The alliance, which includes Microsoft, Google, Amazon and Netflix,
pledges to build next-generation video technology and offer it for
free. Some of the tech industry's largest companies Cisco, Microsoft,
Google, Intel, Mozilla, Amazon and Netflix have banded together to
boost the quality of online video.
The new Alliance for Open Media
seeks to create new video compression technology by 2016 or 2017
designed to make better use of the networks that deliver video to
smartphones, computers, streaming-media devices, video game consoles and
TVs.
You may not care about abstruse matters like compression
efficiency, but you probably do care about what it can deliver: videos
that download faster and look better. Compression improvements pave the
way for higher-resolution video, which offers more detail, a better
range of colors and bright-to-dark contrast, and an improved ability to
capture sports or video game action by showing more video frames per
second.
Improving video compression is a ceaseless activity, but
what's different this time is the motive behind the alliance -- the
desire to sidestep a patent-licensing minefield that afflicted what for
years looked like the best next-generation video compression technology
-- and the range of players involved. The fact that this time Microsoft
is on the same side as Google and Mozilla, maker of the Firefox browser, means the technology has a greater chance of succeeding.
The
alliance's goal is to "make sure the pace of innovation in video
compression keeps pace with all video experiences that are being built,"
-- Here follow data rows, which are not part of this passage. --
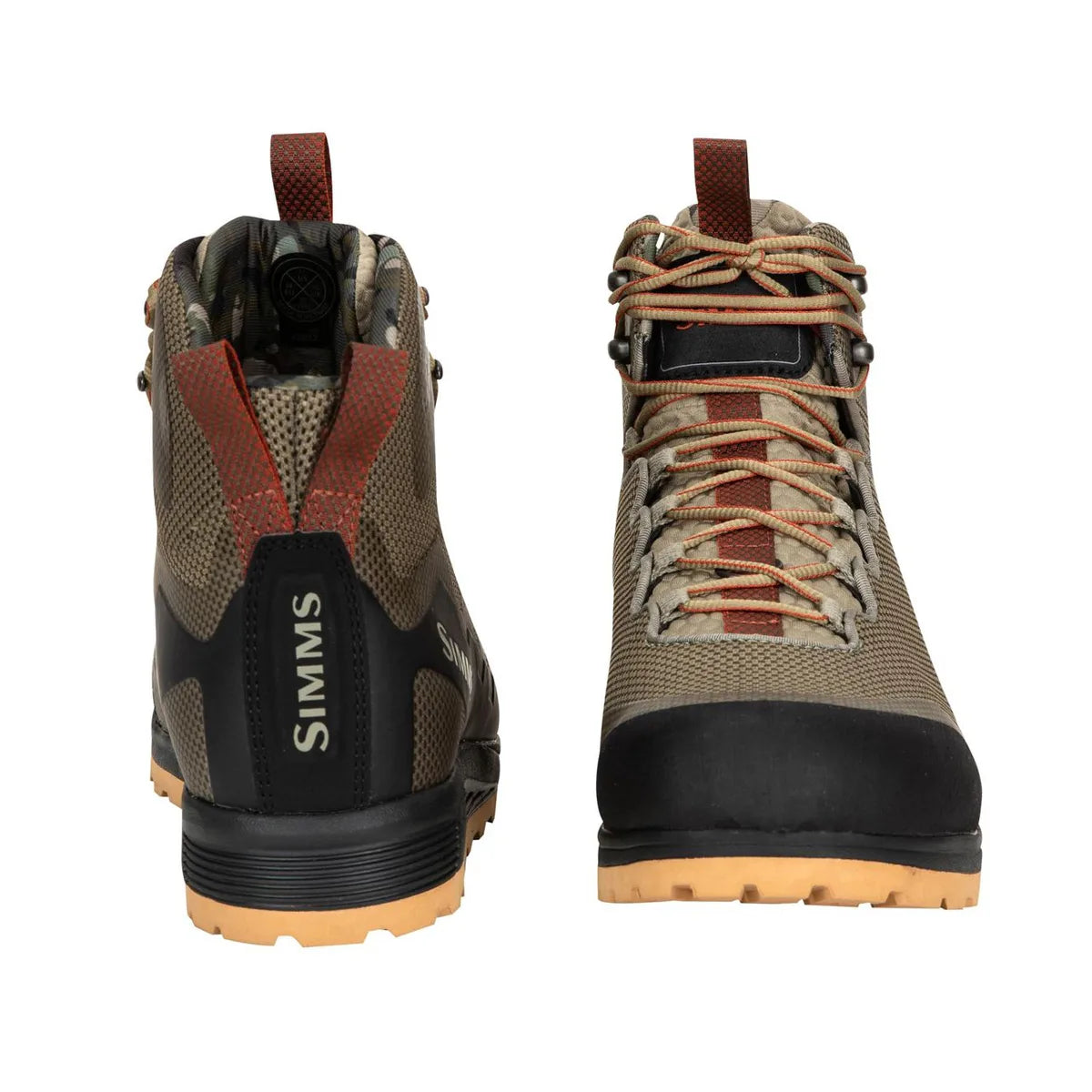 Scarpe da wading Simms Flyweight Access Boot
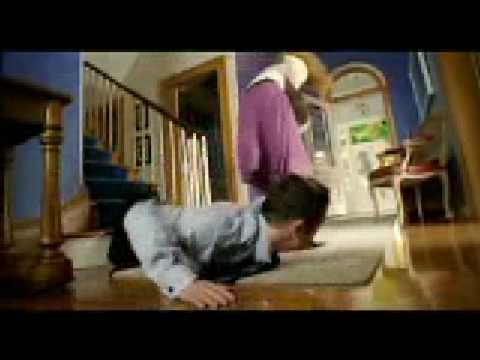 SoOo Happyy Togetheeeer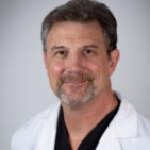 Image of Dr. Lance Lee Davis, MD, MPH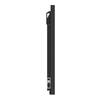 Benq SL6502K 4K Smart Signage 65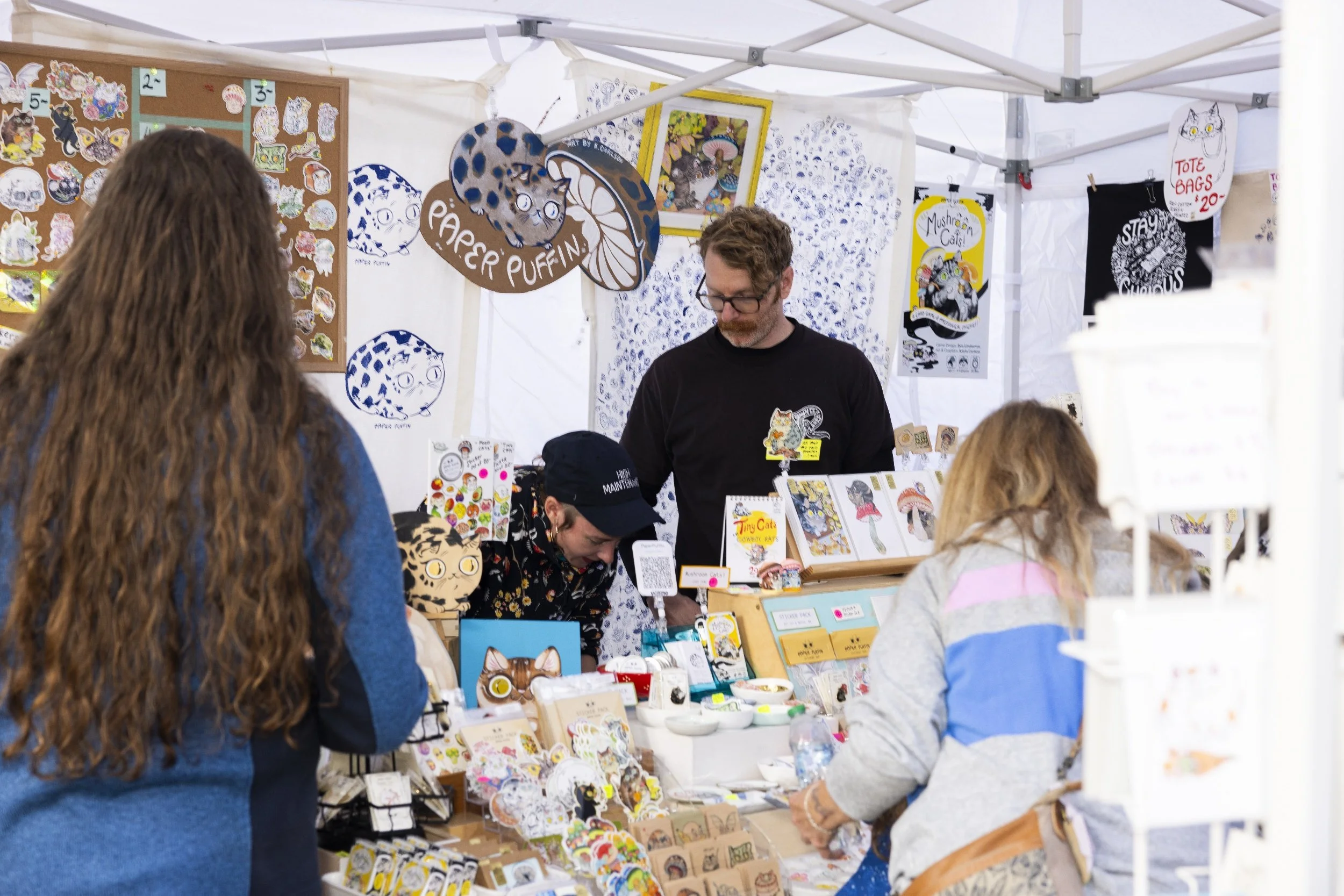 processed_Albany Mushroom Festival-42.jpg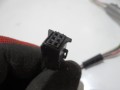 4c3602eecc33a2adfe9068b556251f8a
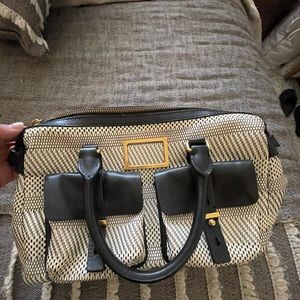 Marc Jacobs purse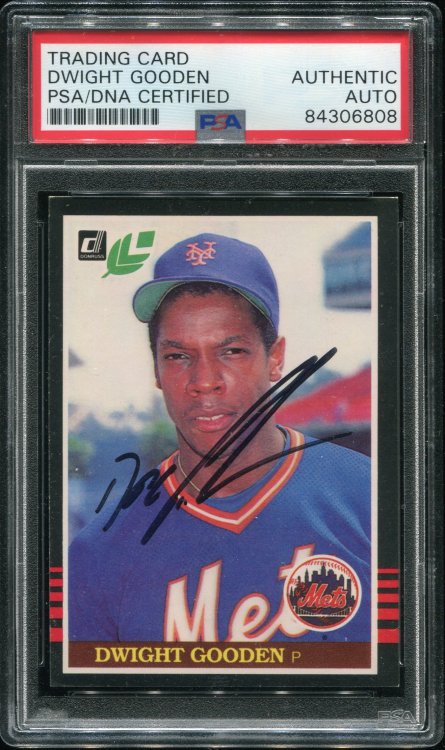 1995 Leaf Doc Gooden.jpg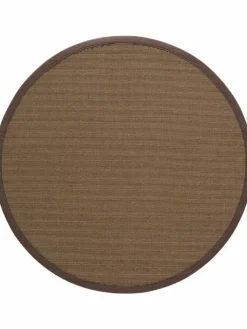 Kinder Kibek Aruba Colour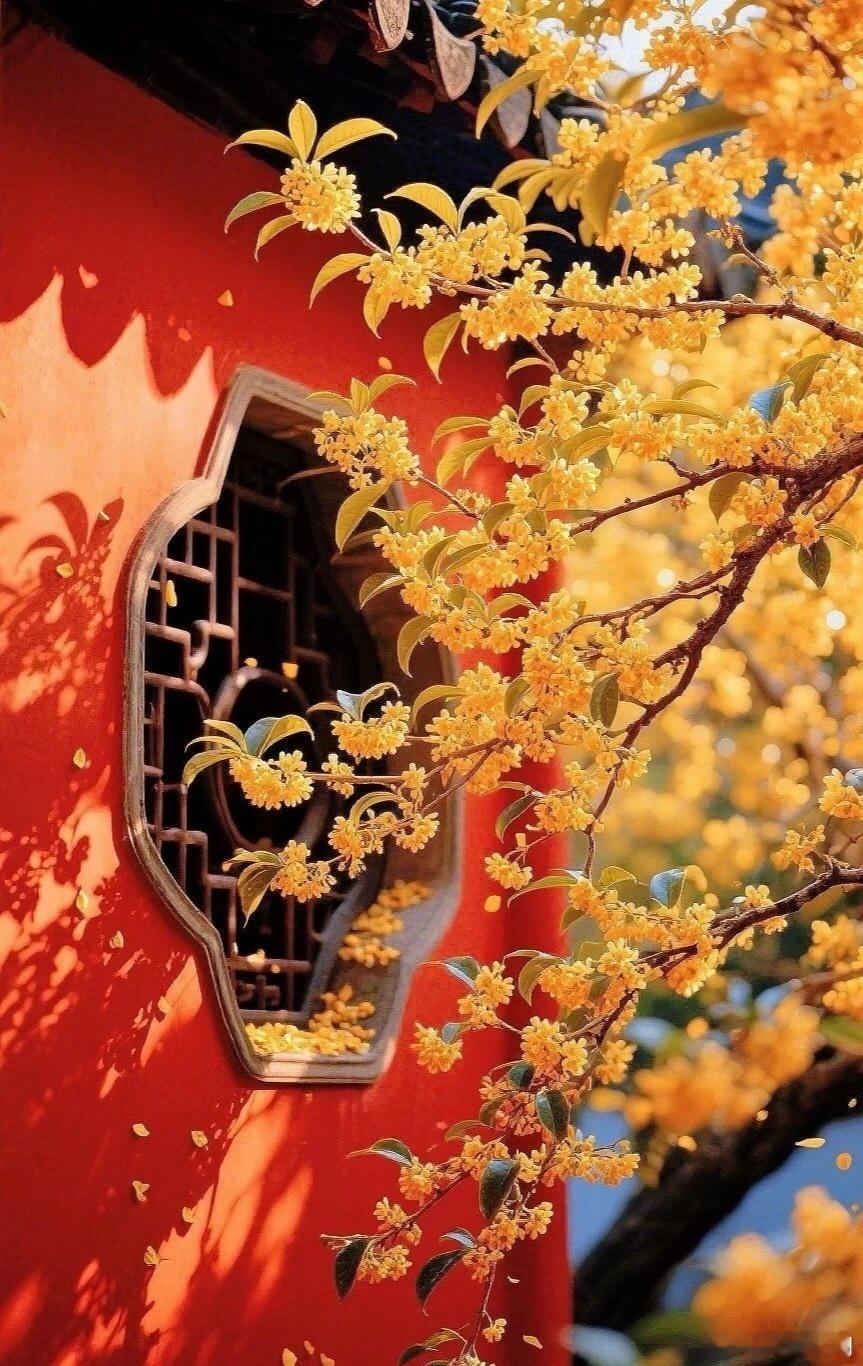 明朝最能干的宰相张居正，最佩服谁吗？海瑞。可你猜怎么着，他掌权十年，硬是没让这位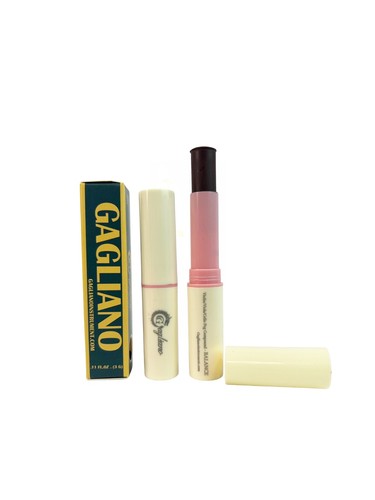 Gagliano peg compound - compound, (peg
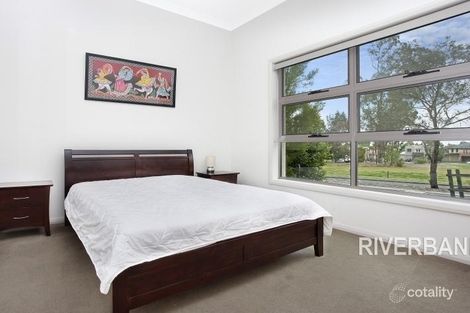 Property photo of 4 Watkin Tench Parade Pemulwuy NSW 2145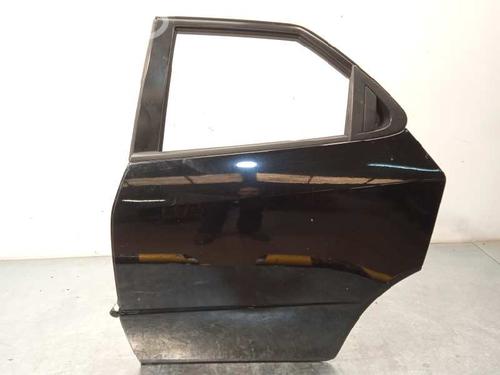 Used Left rear door HONDA CIVIC VIII Hatchback (FN, FK) 2.2 CTDi (FK3) (140 hp) 13414324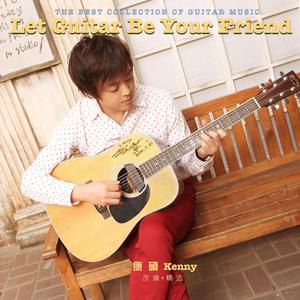 美女大Bxxxxn内射
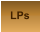 LPs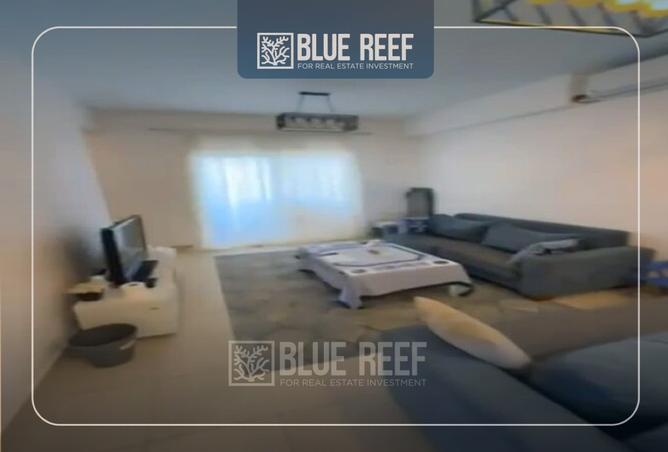 8276398 - Property Image 2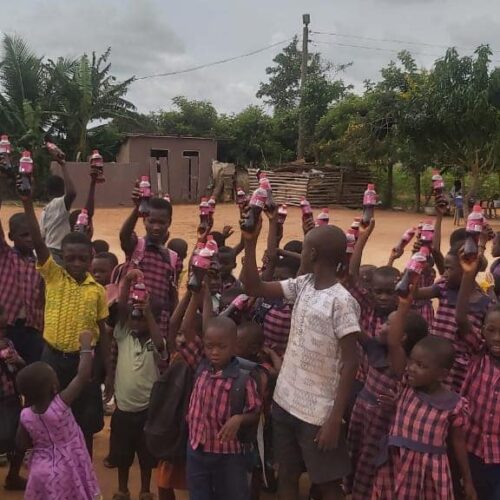 474763875_617393330682378_776195531852178402_n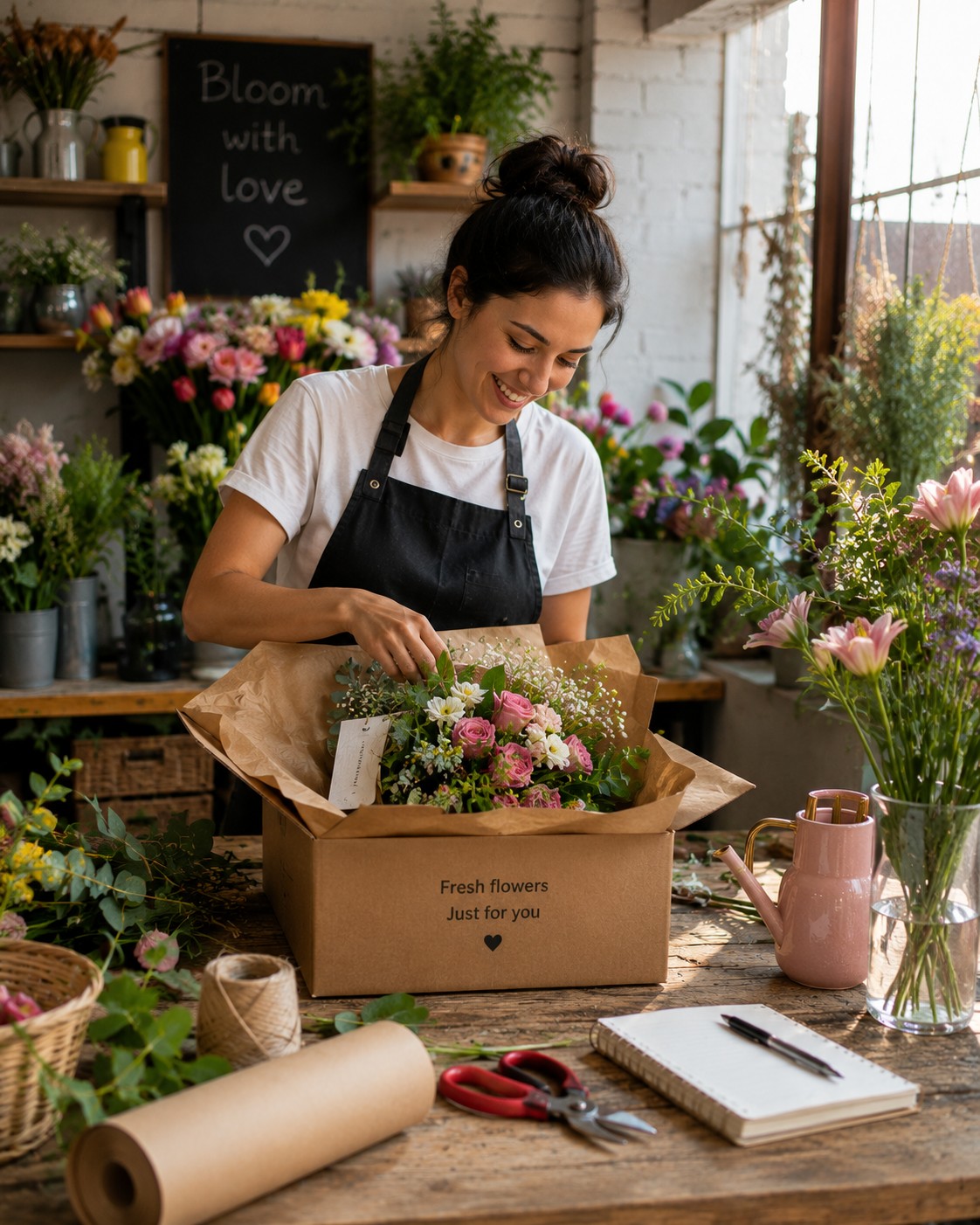 flower shop.jpg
said Matt Frost, head of partnerships for Google's Chrome Media team.
To support today's streaming-media and videoconferencing services and
whatever comes tomorrow, like spherical video adapted to virtual-reality
headsets, video standards must adapt faster than the current 10-year
cycle, he said.
A few years ago, video was delivered mostly over
cable TV networks, broadcast antennas or with optical discs like DVDs
and Blu-rays. Now Internet-based streaming video services like Netflix,
YouTube, Hulu, Amazon Prime and HBO Now have become giants of video
distribution.
"Streaming video is where we're all headed," said Ian LeGrow, manager of the Windows partner group at Microsoft.